Young families that follow the tenets of Shinto bring their children (ages three and seven for girls and five for boys) to make a special ceremony at the Shinto shrine. It’s very lovely, because no matter how modern the family is, the young girls are dressed beautifully in their tiny kimonos. They are the real eye-stopping beauties and not the teenagers they will eventually become who cavort in pornographic. anime costumes on the pedestrian bridge to Harajuku.
Another good naturalist visit is the Hoto-san Shrine in Chichibu (take the Seibu Line Express Train #9), home to the Chichibu-Tama-Kai National Park. This is a good day trip and after walking about the mountain shrine, stroll into the small village outside the park for lunch. I ate in a restaurant with the unlikely transliteration name of Yurin-Club. Ignore the obvious joke and enjoy a traditional Japanese meal served in hand-made bamboo containers made by local craftsmen.
Finally, one of the great spiritual mountains, and home to Japan’s largest Great Buddha statue, is Mount Nakogiri-Yama in southeastern Chiba, off the Tokyo Bay coastal Road.
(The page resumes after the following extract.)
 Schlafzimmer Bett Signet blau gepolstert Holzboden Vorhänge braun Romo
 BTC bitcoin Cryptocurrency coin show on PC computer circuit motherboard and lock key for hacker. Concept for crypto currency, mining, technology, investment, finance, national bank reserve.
This is an only-in-Japan type location that is both a great hike through mountain forest and a place to experience the spiritual side of the country, because not only is there the Great Buddha, but in an old quarry another visage of Buddha has been carved and along one route you will pass 1,500 Rakans (small statues), many of which were beheaded when the Japanese state split Buddhism from Shintoism.
The walk is fairly easy and much of it has paved paths or steps, but you will need to take a breath once you get to the summit, from which you can see both Tokyo Bay and the Pacific.
If You Go:
Traveling to Japan is relatively easy as there are direct flights from both the east and west coasts of United States. I took a United Airlines flight from Los Angeles to Narita, returning from Narita through San Francisco. An express train runs from Narita to Tokyo Station, which I took on previous visits. This time I used shuttle buses. www.united.com
Where to Stay (Tokyo):
Due to the nature of my visit, I moved around a lot during my eight days in Japan. In Tokyo, I stayed at the Keio Plaza Hotel in the intense office building area of the city called Shinjuku (www.keioplaza.com); at the Sukeroku No Yado Sadachiyo, a traditional Japanese inn (www.sadchiyo.co.jp); and the Park Hyatt Tokyo, the upscale, high-rise hotel made famous by the Bill Murray/Scarlet Johansson movie, Lost In Translation (www.parkhyatttokyo.com).
Where to Stay (Prefectures): In Saitama, I stayed at the Kawagoe Prince Hotel (www.princehotels.com/en/kawagoe/). In Chiba, I spent a comfortable night at the Hotel New Otani Makuhari, a new mid-rise, business hotel.